Brice Ménard of Johns Hopkins and Xi-Kuan Chiang of Ohio State University. (Credit: Ron Scheffler)

Yi-Kuan Chiang, lead author of the study who was a postdoctoral researcher at Johns Hopkins until moving to Ohio State University last year, added, “This resistance is so violent that more and more gas is being shocked and heated.”

Imagine all those gas atoms being sucked into galaxies as if they were myriads of meteoroids piercing the Earth’s atmosphere, Ménard said. They accelerate as gravity pulls them towards the Earth’s surface and warm up due to friction with the atmosphere before burning into what are seen as shooting stars, he added. This pattern of warming due to gravitational forces can be applied to entire galaxies, clusters of galaxies and beyond in the “large-scale structures” of the universe formed by gravity – a

theory attributed to James Peebles, Nobel Prize in Physics 2019.

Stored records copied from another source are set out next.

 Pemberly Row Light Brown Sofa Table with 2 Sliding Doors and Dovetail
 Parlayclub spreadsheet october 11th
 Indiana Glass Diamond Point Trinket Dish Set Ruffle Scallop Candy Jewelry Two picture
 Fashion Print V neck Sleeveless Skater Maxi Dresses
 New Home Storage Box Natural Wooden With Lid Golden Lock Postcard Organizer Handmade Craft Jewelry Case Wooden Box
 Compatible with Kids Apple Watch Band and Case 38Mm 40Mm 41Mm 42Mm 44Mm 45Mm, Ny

“Our measurements are a great confirmation of this theory,” Ménard said.

To perform this analysis, the team used data collected by the astronomical community over two decades, first from a ground-based telescope that conducted the Sloan Digital Sky Survey and then the Planck mission, a space telescope led by the Space Agency. European.

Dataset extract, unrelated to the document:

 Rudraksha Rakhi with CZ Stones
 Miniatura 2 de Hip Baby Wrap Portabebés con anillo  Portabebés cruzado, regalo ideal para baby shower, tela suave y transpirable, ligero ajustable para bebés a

As the universe evolves, concentrations of matter are surrounded by gas halos that get hotter and hotter. (Credit: D. Nelson / Illustris Collaboration)

The team used a technique that Ménard developed with Chiang. With it, they estimated the “redshift” of gas concentrations seen in microwave light images that go back in time to 10 billion years ago. “Redshift” describes how the wavelengths of light get longer due to the expansion of the universe. The further away something is, the longer its wavelength and the older its origin.

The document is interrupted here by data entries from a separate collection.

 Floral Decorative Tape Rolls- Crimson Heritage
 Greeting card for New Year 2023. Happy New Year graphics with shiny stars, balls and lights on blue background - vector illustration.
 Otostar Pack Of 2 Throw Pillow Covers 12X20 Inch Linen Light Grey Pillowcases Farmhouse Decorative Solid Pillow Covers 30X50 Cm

The method allowed them to measure the gradual rise in gas temperature as a function of the age of the universe. This trend is also predicted by numerical simulations that show how dark matter and atoms in the gas evolve over time. As illustrated in the figure, these visualizations show the temperatures of the gas changing from a cold blue canvas of 10 billion years ago to a hot red dotted today.

Warming of the universe has nothing to do with global warming on Earth, Ménard said. It is a consequence of the gravitational pull that was predicted but can now be accurately measured with these new techniques.

Researchers from the University of Tokyo and the Max Planck Institute for Astrophysics contributed to this work, which was supported in part by the NSF grant AST1313302 and NASA NNX16AF64G (YC, BM). Additional support came from the ORIGINS cluster of excellence, funded by Deutsche Forschungsgemeinschaft (DFG, German Research Foundation) under the German excellence strategy-EXC-2094-390783311 (EK) and the JSPS KAKENHI grant no. JP15H05896 (RM, EK) and JP20K14515 (RM).